Kate Just: I wouldn't say inspired, it's embedded. My personal life and response to what's happening is embedded in and driving the work. A recent show that I did looked at the relationship that I have to my adopted daughter named Hope; it came through an experience when I first met her as I thought she was strong, as if she was wearing armour. Years later after seeing art that related to woman historically and their skin, I created an entire show around our skin and armour; I knitted a soft armour and took photos of Hope wearing it.

There is no moment; it's embedded in the materiality of art, my own life and relationships in the world and especially the way women are represented in art, in the world.

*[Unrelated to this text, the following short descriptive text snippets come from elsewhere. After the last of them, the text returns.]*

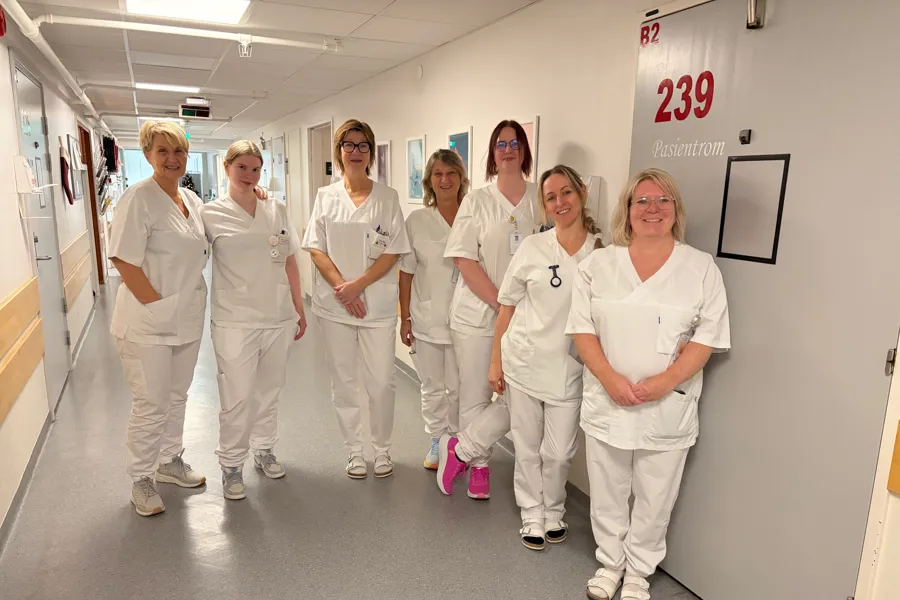 En gruppe medisinsk personell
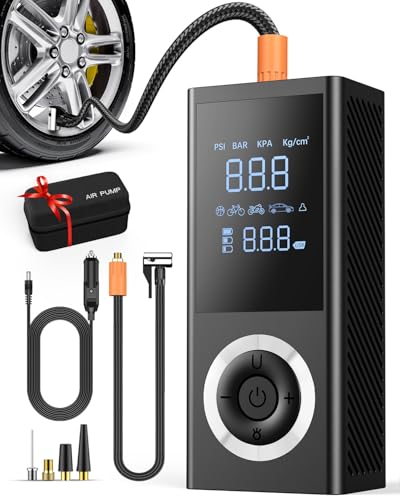 Tire Inflator Portable Air Compressor, 150 PSI Smart Air Pump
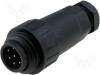 WA22J7TE1I, Разъем: круглый; вилка; WA22; "папа"; PIN:7; Конфиг.выводов:6+PE, WEIPU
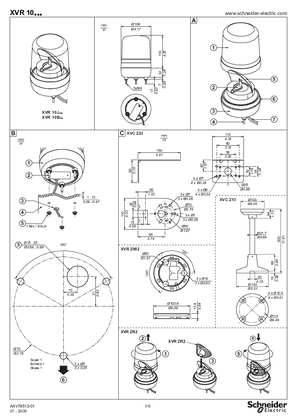 的映像 XVR10... Rotating mirror beacons, diam. 106mm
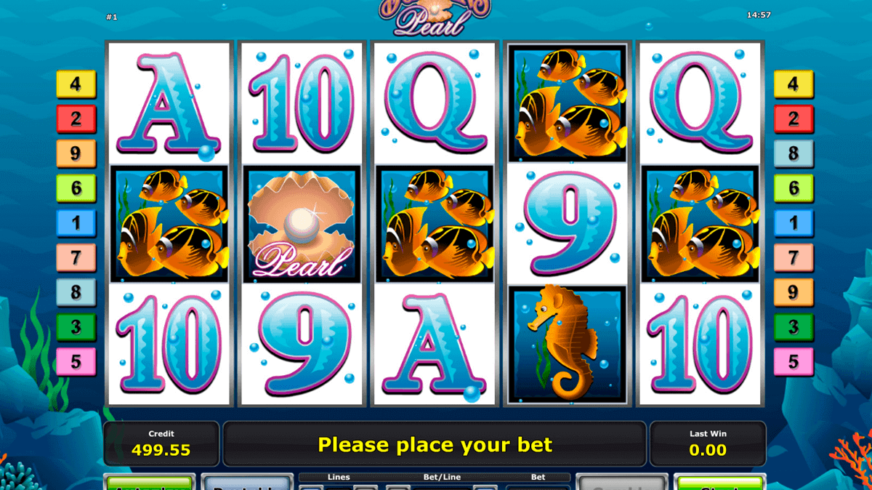 Dolphin’s Pearl slot screen 1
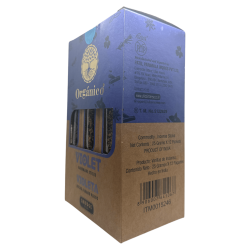 Caja Incienso Orgánico Violeta ULLAS - 12 cajitas de 25gr.
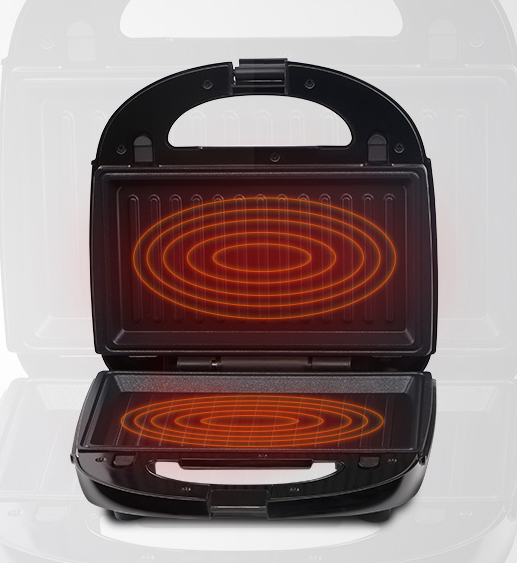 GRILL OPIEKACZ TOSTER do KANAPEK MIĘS GOFRÓW Liczba kanapek 2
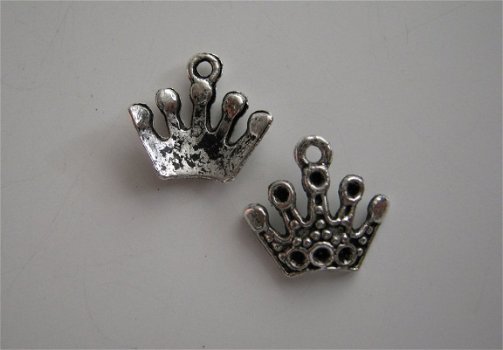 bedeltje/charm kroontje:kroontje 05 - 13x12 mm - 1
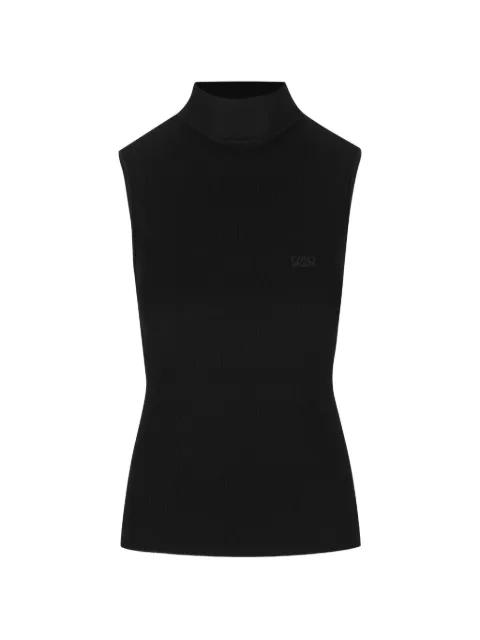 embroidered high-neck top by LOEWE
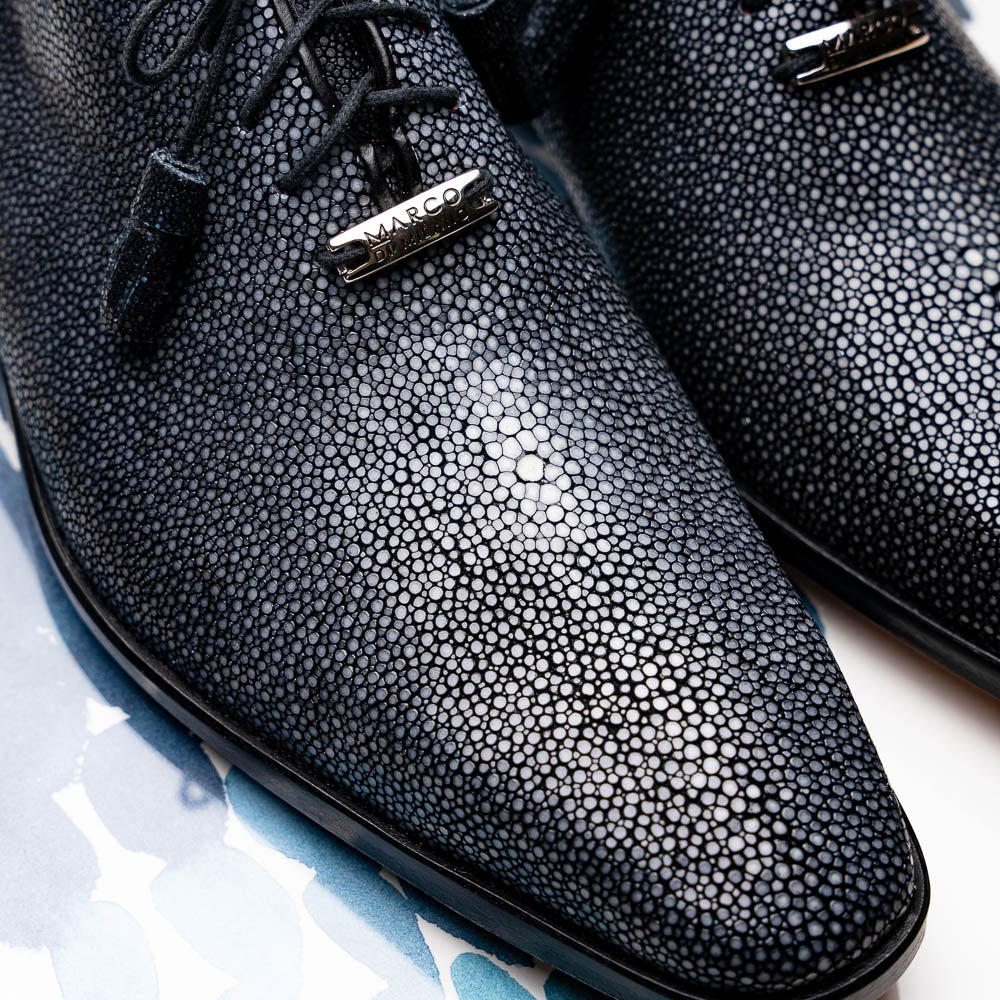 Marco Di Milano Pannuci Black Leather Oxford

Question: Where do you see yourself in five years?

Kate Just: Wow! I tend to ask myself every couple of years 'what are you going to focus on next'? The answer to that is 'I'm going to take my work internationally and expand my own deeply personal practice and involve other people in my work'.

This began with a trip to Austria where I involved a range of knitters from around the country in the knitting of a sculptural work which continued as I went to Spain and made the show about Hope and her armour. The focus is continuing in my application to Realise Your Dream which will potentially involve thousands of women in a much more public sphere.

My aim for the next five years is to really become more internationally present but to also push my own work which in itself is focused on women's presence, their concerns and the presence of craft and I'm already doing it and I am going to keep doing it! Obviously this opportunity is so unique because it's not just money it's the support of an institution that will allow you to more.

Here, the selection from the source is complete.